The responses to my points vary somewhat, but because I’m a practical man, they usually try to appeal to my practical side in an effort to sway me from harming the chances of the person they see as the lesser of the evils. “But don’t you think that (insert their preferred major party candidate here) is the lesser of the two evils and that you may be handing the election to (insert the candidate they view as the greater of the two evils here)?” Well, maybe. It depends on what metric we use. For example, Obama might be likely to kill somewhat fewer foreigners, whereas Romney might love the drone strikes even more, hard to imagine as that is. Or Romney may not drive us toward an economic crash quite as quickly as Obama, as hard to imagine as that is. They both seem to really like eroding civil liberties, though. Tough call on that one.
My first answer to their question is to point out that it doesn’t really matter which one I think is the lesser of the two evils, primarily because I’m simply not limited to choosing between two evils here in what I like to call the real world. I do have more than two choices, and like the grown man that I am, I’m capable of choosing among multiple alternatives using my awesome superpower of compare and contrast.

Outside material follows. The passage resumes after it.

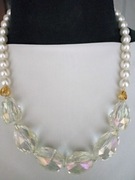 Promocja!!!Naszyjnik perły krysztal sr. 925 zloc.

My second answer is that I know damn well I’m not handing the election to either of the candidates regardless of whether I vote for one of them or for a third party candidate. I know that because I pay attention to the polls and I’m aware of which one will win the electoral votes from my state of residence. The margin between them is quite high, and the odds of a surprise swing in the other direction make it more likely that the dreaded voter fraud occurred than anything else. I can vote for whomever I like, and it impairs neither Obama or Romney in their chances of winning. Not even a little. And even if it did impair one of them from getting elected, why on earth would I feel directly responsible for it myself as if it all depended on me? I’m sharing the responsibility for that with millions of other people who vote.
My third answer is that my vote against corruption, against eroding civil liberties, against wanton violence, and against bankrupting our nation seems to me much less wasteful than a vote in favor of whichever candidate represents those things to varying degrees. I think it’s a waste of time to vote for evil when you don’t have to.